国民投票の結果は、「ソニック・ザ・ヘッジホッグ」シリーズと「ぷよぷよ」シリーズはどちらも2作品目。「シャイニングフォース」シリーズは初代が収録されることに決定した。投票数はTwitterと公式サイトの数を合わせると、最も多かった「ぷよぷよ通」は約1万3千票にもなり、こちらもかなりの反響となったという。
「メガドライブ ミニ」の収録タイトルは“メガドライブの時代を再現する”というコンセプトが念頭にあり、その上で、いろいろなジャンルのタイトルを収録するという選び方をしているという。それを踏まえつつ、本日公開された10本の収録タイトルについて順にこぼれ話を交えつつ紹介された。

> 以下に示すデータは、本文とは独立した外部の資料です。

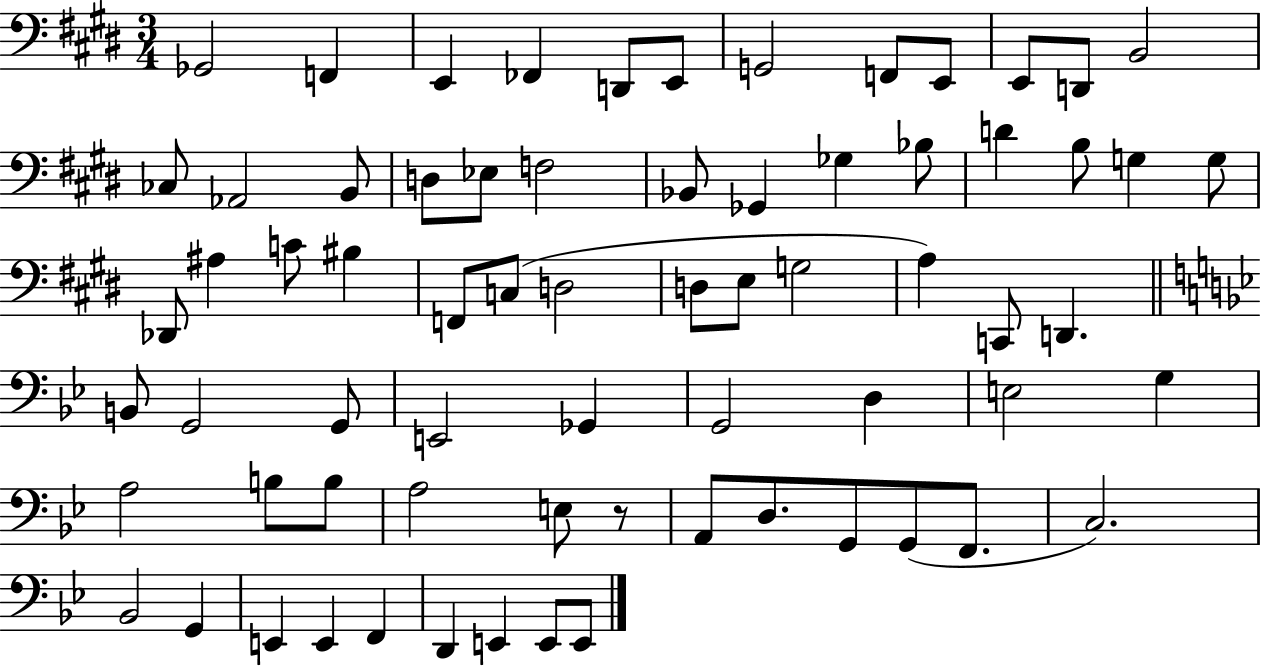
X:1
T:Untitled
M:3/4
L:1/4
K:E
_G,,2 F,, E,, _F,, D,,/2 E,,/2 G,,2 F,,/2 E,,/2 E,,/2 D,,/2 B,,2 _C,/2 _A,,2 B,,/2 D,/2 _E,/2 F,2 _B,,/2 _G,, _G, _B,/2 D B,/2 G, G,/2 _D,,/2 ^A, C/2 ^B, F,,/2 C,/2 D,2 D,/2 E,/2 G,2 A, C,,/2 D,, B,,/2 G,,2 G,,/2 E,,2 _G,, G,,2 D, E,2 G, A,2 B,/2 B,/2 A,2 E,/2 z/2 A,,/2 D,/2 G,,/2 G,,/2 F,,/2 C,2 _B,,2 G,, E,, E,, F,, D,, E,, E,,/2 E,,/2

・「VAMPIRE KILLER(バンパイアキラー)」
KONAMIの「VAMPIRE KILLER(バンパイアキラー)」はそれ単体も貴重なタイトルだが、「メガドライブ ミニ」は複数言語に対応していて、言語設定を変えれば収録ゲームのバージョンも海外のものに変わるという。そのため、「VAMPIRE KILLER(バンパイアキラー)」では、北米版の「Castlevania: Bloodlinesや欧州版の「Castlevania: The New Generation」も収録しているそうだ。

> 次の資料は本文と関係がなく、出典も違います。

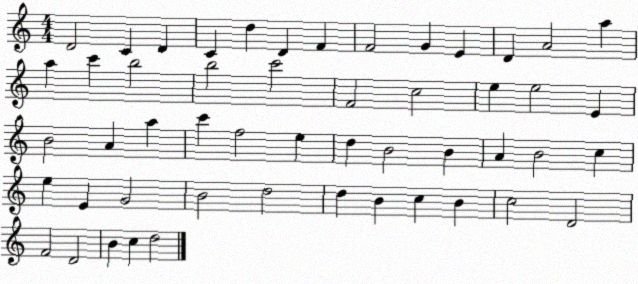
X:1
T:Untitled
M:4/4
L:1/4
K:C
D2 C D C d D F F2 G E D A2 a a c' b2 b2 c'2 F2 c2 e e2 E B2 A a c' f2 e d B2 B A B2 c e E G2 B2 d2 d B c B c2 D2 F2 D2 B c d2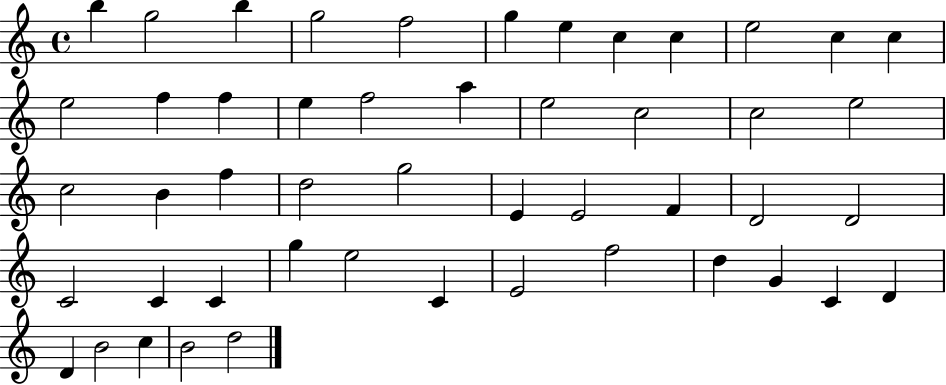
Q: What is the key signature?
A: C major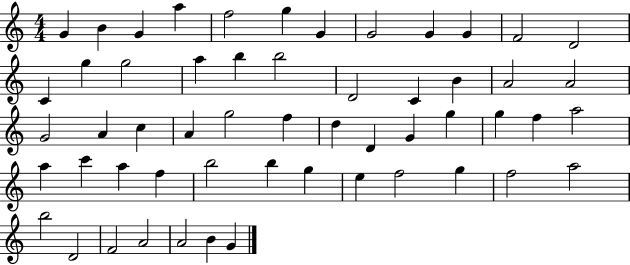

1タイトル分でカウントしてはいるが、実際は海外版で3タイトル分を収録していて、動作チェックも3タイトル分の労力がかかっているという。もちろん、他のタイトルも海外版が存在するものに関しては同じように収録しているそうだ(ただし、「レッスルボール」だけは諸事情により日本版のみとなるとのこと)。
・「レッスルボール」
「レッスルボール」は当時のメガドライブユーザーならよく知る人も多いだろうというところや、スポーツジャンルのタイトルのひとつとしてチョイスしたという。
・「ガンスターヒーローズ」
トレジャーの初作品である「ガンスターヒーローズ」は、その人気の高さ、当時のゲーム開発者に衝撃を与えたスピード感やプレイ感から、メガドライブの時代を彩った1本として収録を決定したという。
・「コミックスゾーン」
「コミックスゾーン」は、セガが発売したメガドライブタイトルの“最後から2番目”のタイトル。非常にクオリティが高く、アクションの滑らかさやローカライズの丁寧さなど目を見張るものがあるが、当時は出荷数が非常に少なかった。今回の「メガドライブ ミニ」でより多くの人に知ってもらいたいタイトルとのことだ。
・「レンタヒーロー」
「レンタヒーロー」はRPG枠として収録されたが、RPG枠は入れたくなるタイトルが多く激戦だったそうだ。「レンタヒーロー」にはオートリーという街が登場するのだが、こちらは旧セガ社屋が長年あった大鳥居をモチーフにしたもの。今年にセガ本社は大崎に移転したが、それまでの大鳥居のセガというところを感じられるタイトルという意味でも、「レンタヒーロー」を収録したいという気持ちがあったそうだ。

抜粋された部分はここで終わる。